## [TASK]
Write out all the records exactly, and keep any images out.

## [EXCERPTED RECORDS]
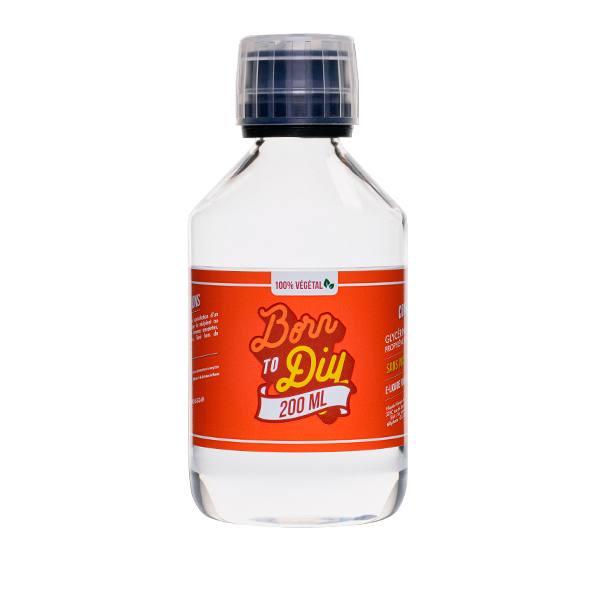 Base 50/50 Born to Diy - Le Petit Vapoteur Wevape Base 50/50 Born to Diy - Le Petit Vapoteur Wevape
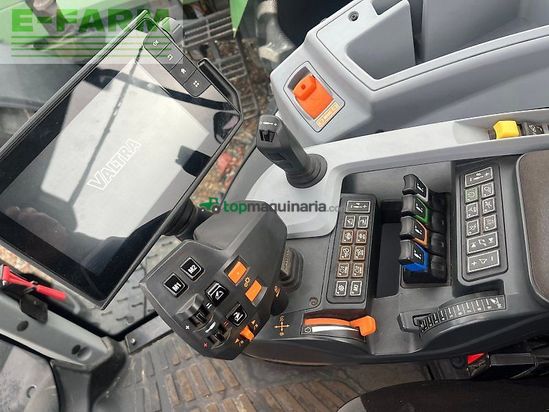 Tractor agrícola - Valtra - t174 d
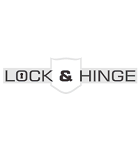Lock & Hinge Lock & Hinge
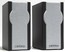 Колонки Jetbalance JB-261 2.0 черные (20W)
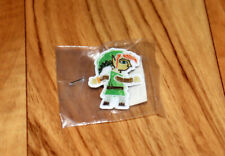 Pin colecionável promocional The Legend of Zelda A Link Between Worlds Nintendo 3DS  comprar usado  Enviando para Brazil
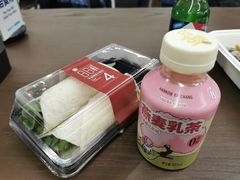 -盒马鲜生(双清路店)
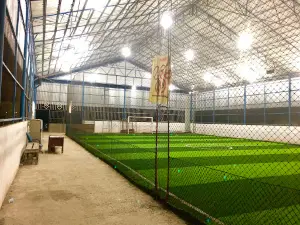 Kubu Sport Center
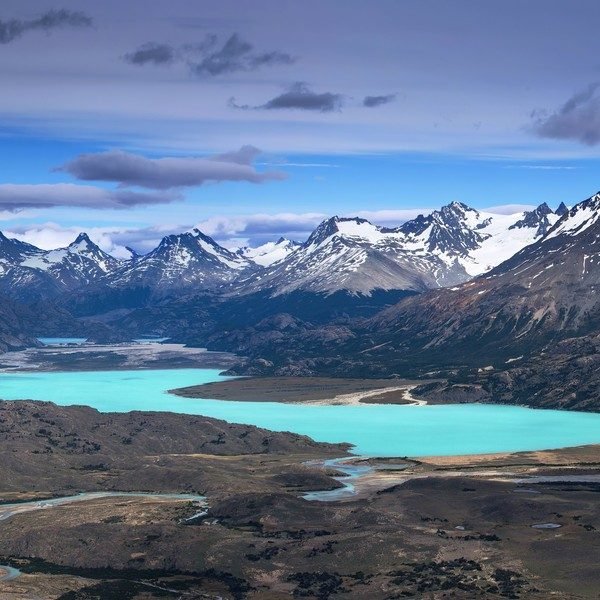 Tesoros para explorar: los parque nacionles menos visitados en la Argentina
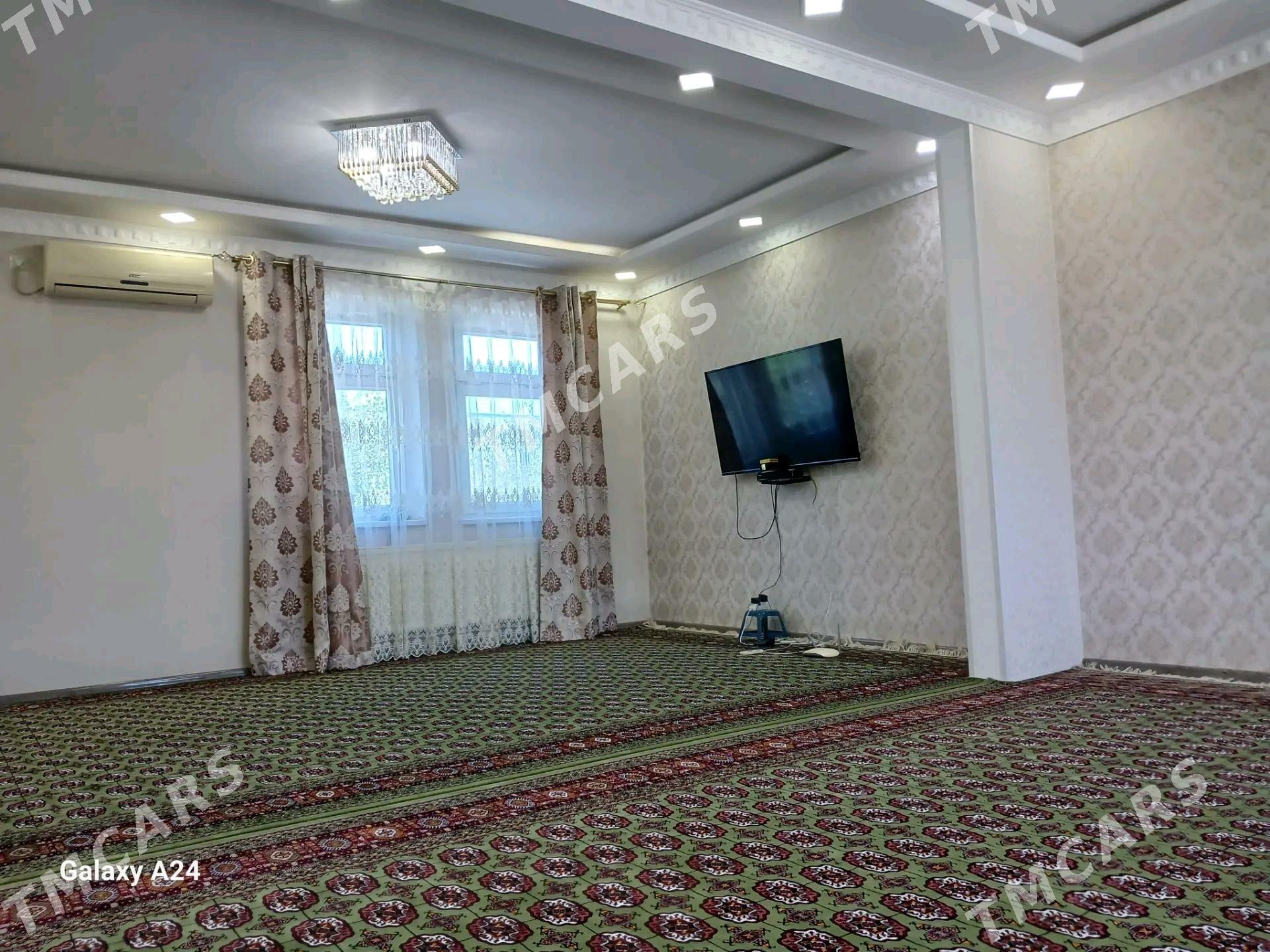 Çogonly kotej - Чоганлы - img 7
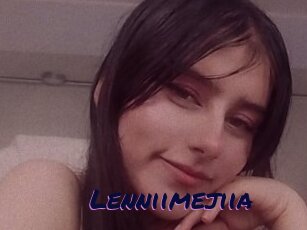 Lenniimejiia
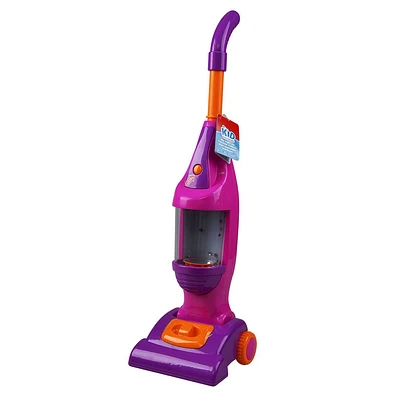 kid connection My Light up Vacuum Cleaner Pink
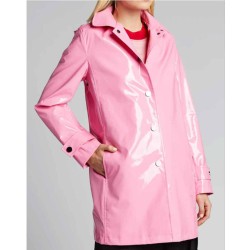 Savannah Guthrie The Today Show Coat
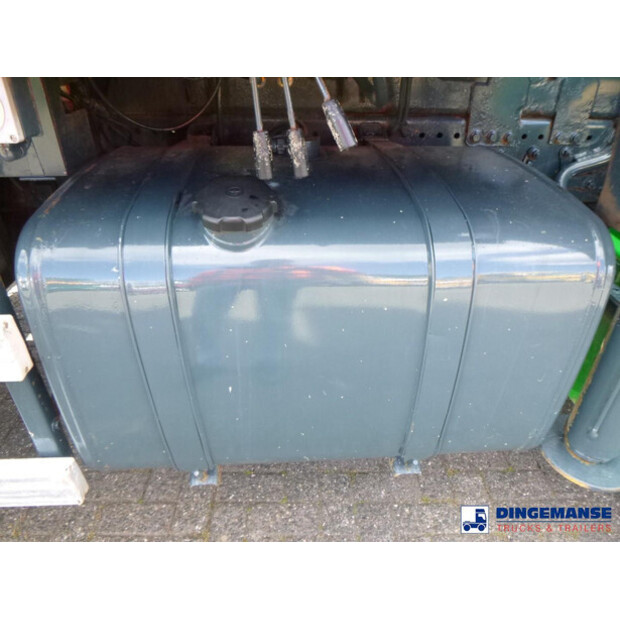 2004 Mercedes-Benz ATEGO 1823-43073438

## [ANSWER SECTION]
 Base 50/50 Born to Diy - Le Petit Vapoteur Wevape Base 50/50 Born to Diy - Le Petit Vapoteur Wevape
 Tractor agrícola - Valtra - t174 d
Lock & Hinge Lock & Hinge
 Колонки Jetbalance JB-261 2.0 черные (20W)
 Pin colecionável promocional The Legend of Zelda A Link Between Worlds Nintendo 3DS  comprar usado  Enviando para Brazil
 -盒马鲜生(双清路店)
 Kubu Sport Center
 Tesoros para explorar: los parque nacionles menos visitados en la Argentina
 Çogonly kotej - Чоганлы - img 7
 Lenniimejiia
 kid connection My Light up Vacuum Cleaner Pink
 Savannah Guthrie The Today Show Coat
 2004 Mercedes-Benz ATEGO 1823-43073438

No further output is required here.